The miners became trapped on Wednesday after their excavation work caused a tunnel wall to collapse, triggering flooding in three wells.
Mexico's Civil Protection agency did not immediately respond on Thursday when asked about efforts to pump out the water, and if levels were rising.
Its director, Laura Velazquez, said earlier on Thursday that time was everything, and several hundred officials were "working day and night" to assist with the rescue.
Soldiers, emergency workers and rescue dogs were deployed after the latest disaster to strike Mexico's main coal-producing region in Coahuila state, President Andres Manuel Lopez Obrador said.
"What I want with all my soul is that we rescue the miners," he told reporters.
"We must not lose faith.
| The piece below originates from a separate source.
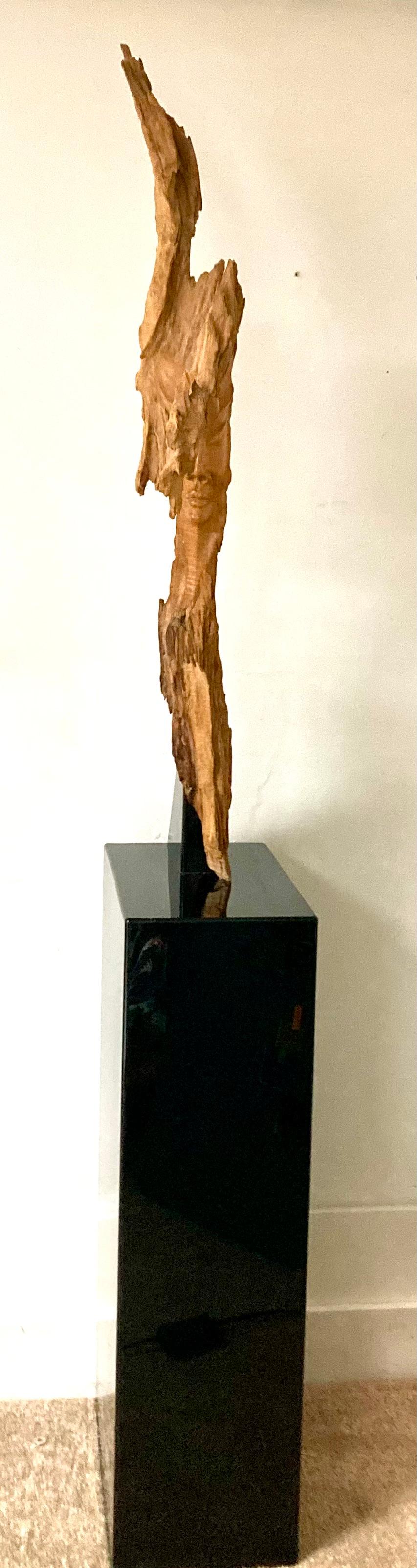 "1977 Carved unique face" - Sculpture by Bruce Turnbull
We must not lose hope," he added.
'I want my husband to come out all right'
Families keeping vigil remained on edge.
Erika Escobedo, the wife of one of the trapped miners, 29-year-old Hugo Tijerina, told the Reuters news agency she spent all night watching rescue efforts at the site in the northern border state of Coahuila.
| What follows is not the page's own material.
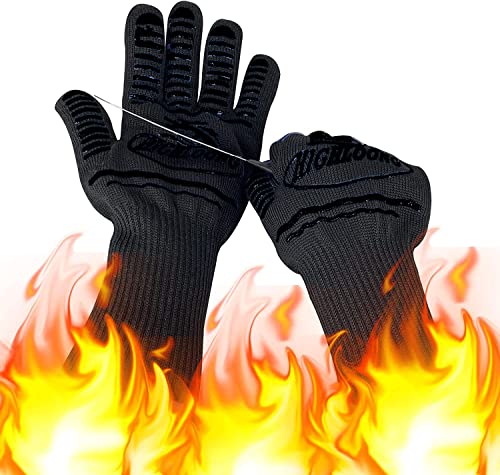 HighLoong 1472°F Extreme BBQ Gloves Grill Oven Safety Gloves, Cut Resistant with Non-Slip Silicone for Grilling, Frying, Baking, Fireplace, Cooking (2 Pieces Set) (Black Strips Long)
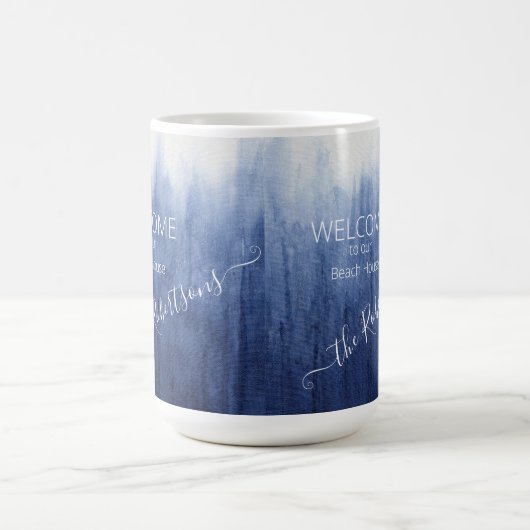 Die Küste ist einfach, modern blau und weiß Gefärb Kaffeetasse (Mittel)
"They say the water is rising," she said, describing bigger water extraction pumps she saw hauled to the site.
"I want my husband to come out all right," said Escobedo, her voice breaking in a phone interview from the site, as she watched rescuers bore another tunnel to try to reach the miners.
For now, she has told her three children not to worry about their father and that he will come home okay.
"Unfortunately, there's not much hope," Jose Luis Amaya, whose cousin and brother-in-law was among those trapped, told Milenio TV on Wednesday night.
Five other miners escaped the accident. They all received medical treatment, and two have been discharged from the hospital.
Still, Elizabeth Vielma, the mother of three men who work at the site but were not involved in Wednesday's accident, said she worried about conditions there.
"They just give them the drills and send them down," she said.